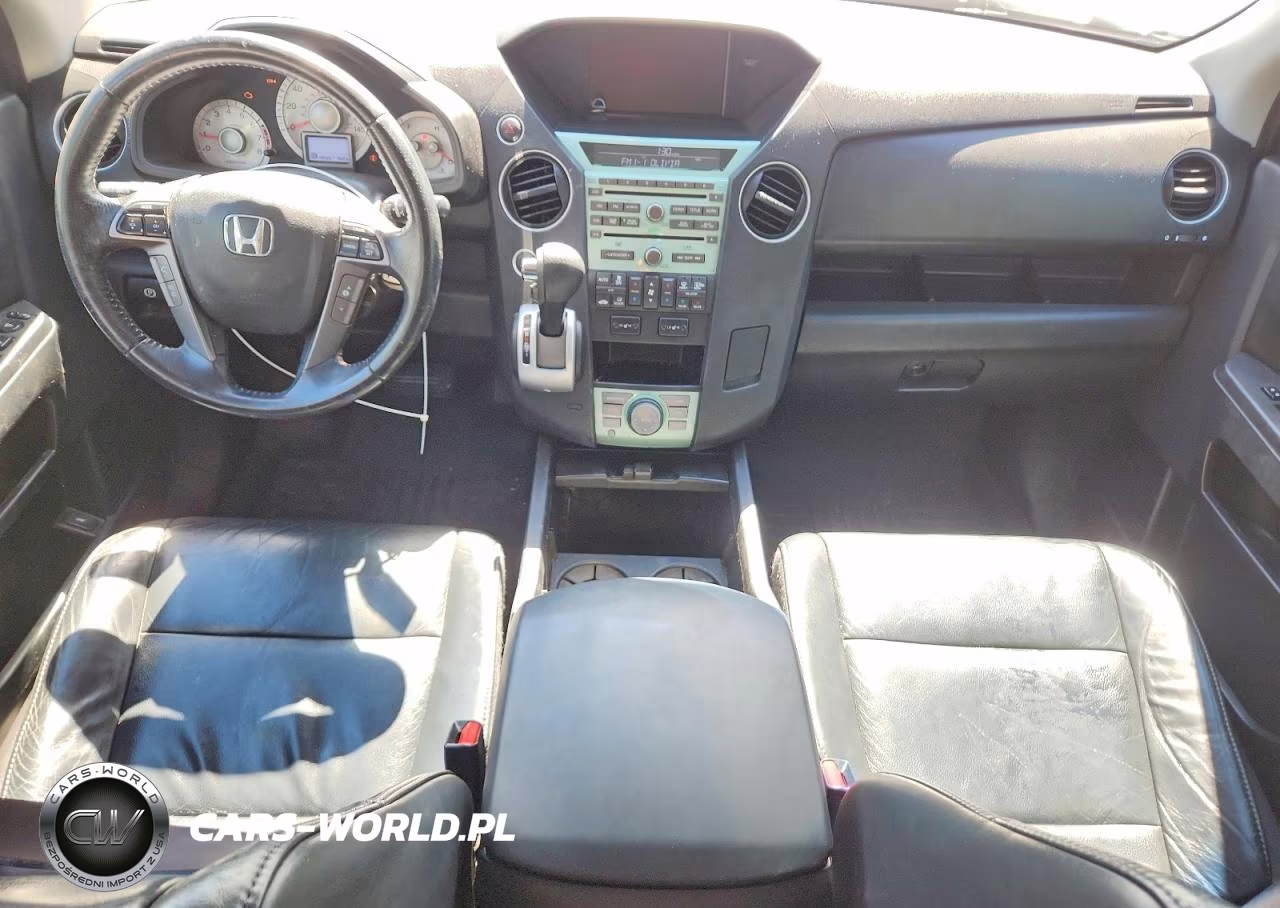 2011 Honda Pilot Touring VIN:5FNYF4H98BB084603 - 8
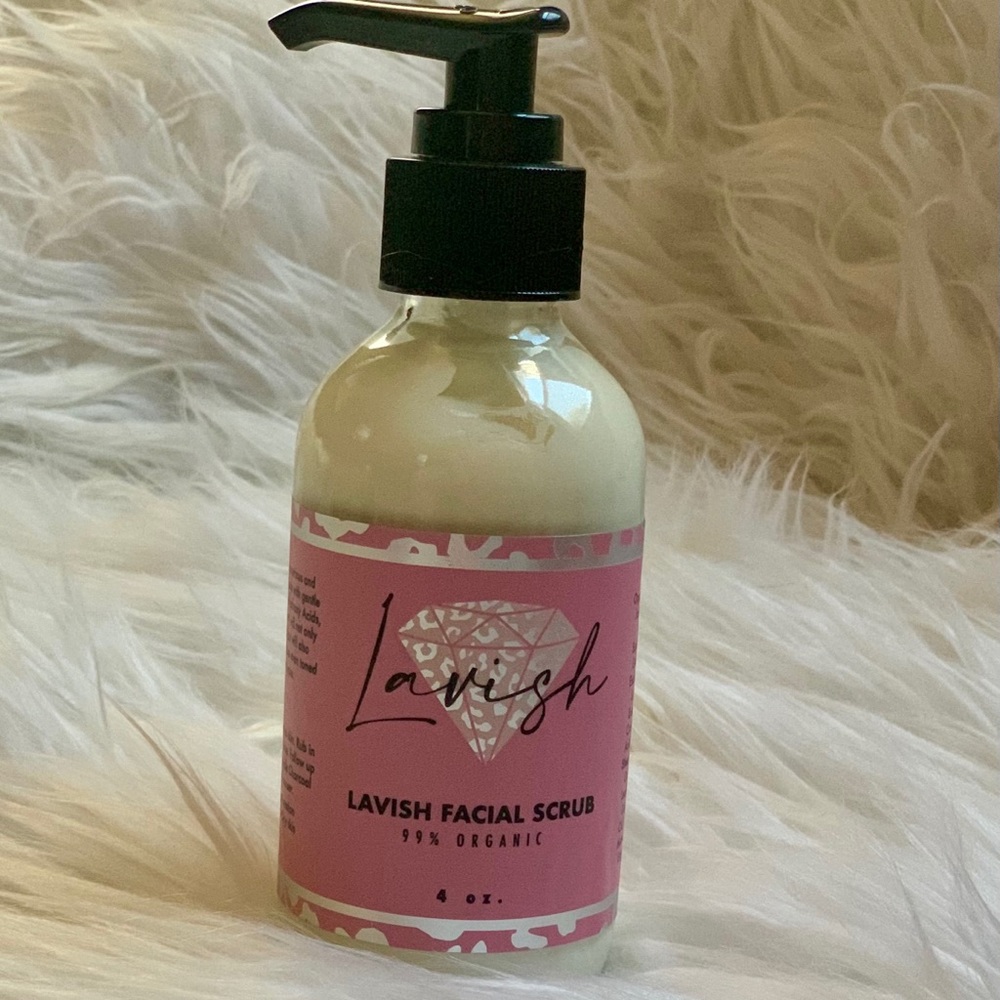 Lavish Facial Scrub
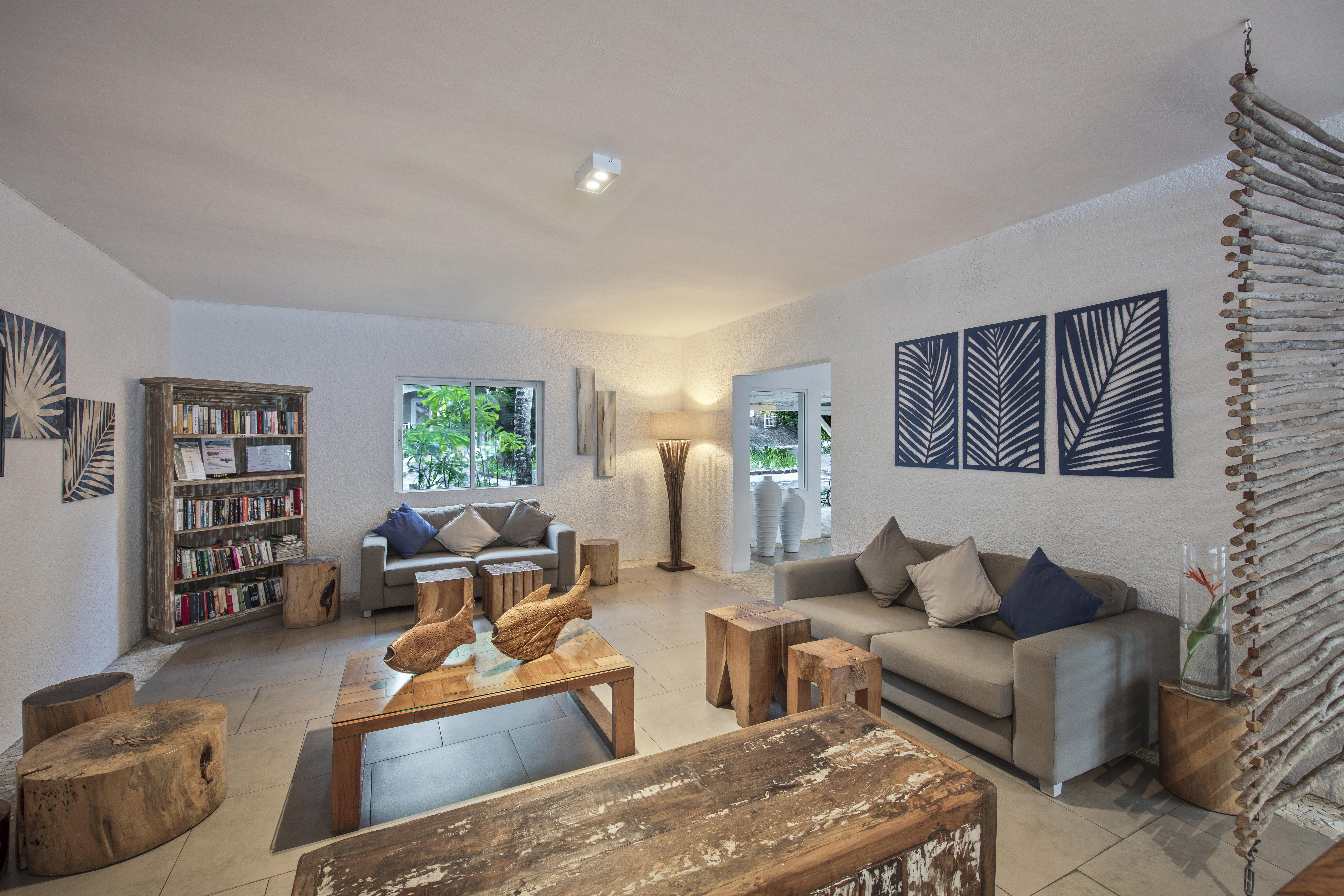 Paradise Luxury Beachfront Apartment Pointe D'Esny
--------------------
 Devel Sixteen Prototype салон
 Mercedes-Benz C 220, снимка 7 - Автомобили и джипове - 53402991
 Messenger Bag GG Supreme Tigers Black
--------------------
WHAT NEEDS TO BE DONE |
Look above for the line holding "Mercedes-Benz C 220, снимка". Print it and every line after it, exactly, through the line holding "Messenger Bag GG Supreme Tigers Black".

RESPONSE TO THE EXERCISE |
 Mercedes-Benz C 220, снимка 7 - Автомобили и джипове - 53402991
 Messenger Bag GG Supreme Tigers Black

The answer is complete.